La Fed croit à un atterrissage en douceur de l'économie

Les projections trimestrielles des gouverneurs confirment la théorie d’une normalisation possible de l’économie sans trop accroître le chômage.
Le comité de politique monétaire (FOMC) de la Fed, Federal Open Market Committee (FOMC), Jerome Powell, Federal Reserve
Le comité de politique monétaire (FOMC) de la Fed  -  Photo Fed.

N’en déplaise aux économistes du Peterson Institute, les gouverneurs de la Fed ont confirmé ce 22 mars à l’issue du Comité de politique monétaire (FOMC) qu’ils s’attendent bien à un atterrissage en douceur de l’économie américaine. Leurs projections économiques et de hausses des taux (dot plots) trimestrielles plaident en ce sens.

Inédit dans l’histoire des resserrements monétaires, ce scénario suscitait en juillet 2022 quelques sarcasmes d’Olivier Blanchard et de Larry Summers. Ils estimaient alors qu’il était impossible d’effacer les postes de travail vacants sans détériorer le taux de chômage, ce qui correspond à un scénario de «hard landing».

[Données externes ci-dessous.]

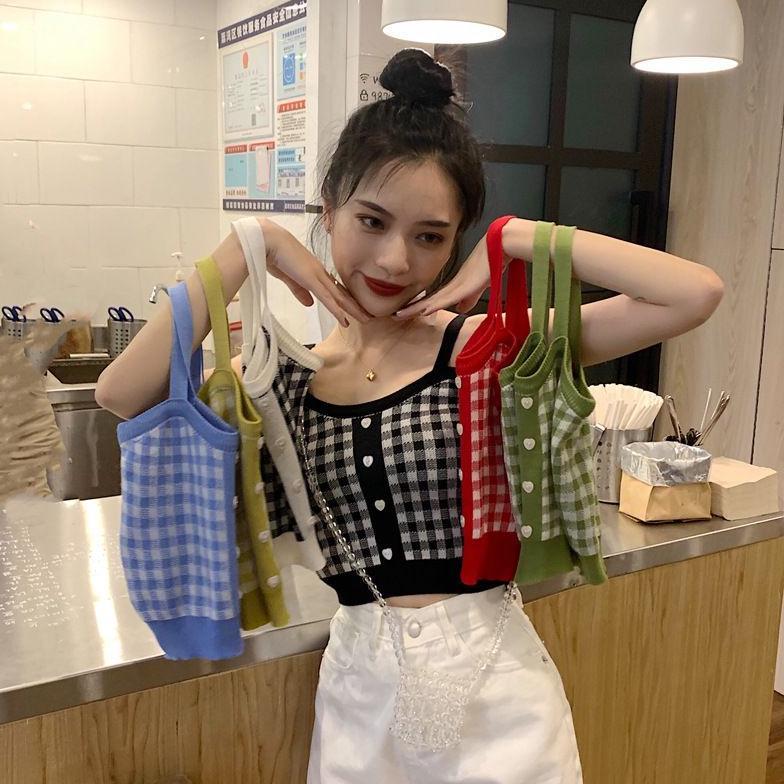 Korean Square Knit Crop Tank Top Square Style TT SQUARE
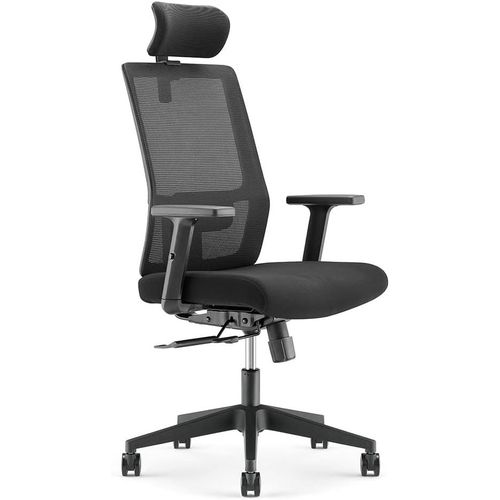 Chaise De Bureau Confort Noir Fauteuil De Bureau Dossier Hauteur Réglable,Soutien Lombaire,Appui-Tête Et Accoudoirs Réglables Profondeur D¿Assise,Siège De Bureau Basculant Synchrone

Or, ce scénario de «soft landing» de la Fed a même été remplacé par l’idée d’une réaccélération de l’économie américaine («no landing») avec les données sur l’emploi et sur l’inflation en février. Mais la crise bancaire – que le président de la Réserve fédérale Jerome Powell a tenté mercredi de relativiser - est passée par là avec la faillite de Silicon Valley Bank, et a sans doute conduit à un réajustement des projections.

Les gouverneurs aboutissent à une croissance en fin d’année de 0,4% en 2023 au lieu de 0,5% anticipés en décembre 2022. Pour 2024, la projection est ramenée de 1,6% à 1,2%. Ceci serait permis par un retour de l’inflation PCE à 3,3% en décembre (au lieu de 3,1% dans la projection précédente) et de l’inflation sous-jacente «core PCE» à 3,6% (+0,1 point), avant une relative normalisation dans les deux cas autour de 2,5% en 2024 et 2,1% en 2025.

Ces nouvelles projections sont légèrement plus pessimistes que les précédentes, mais très probablement nuancées, tant sur la croissance que sur l’inflation, par la récente crise bancaire. En réduisant encore l’accès au crédit, celle-ci pourrait faire une partie du travail qui incombait à la banque centrale tout en augmentant le niveau d’incertitude.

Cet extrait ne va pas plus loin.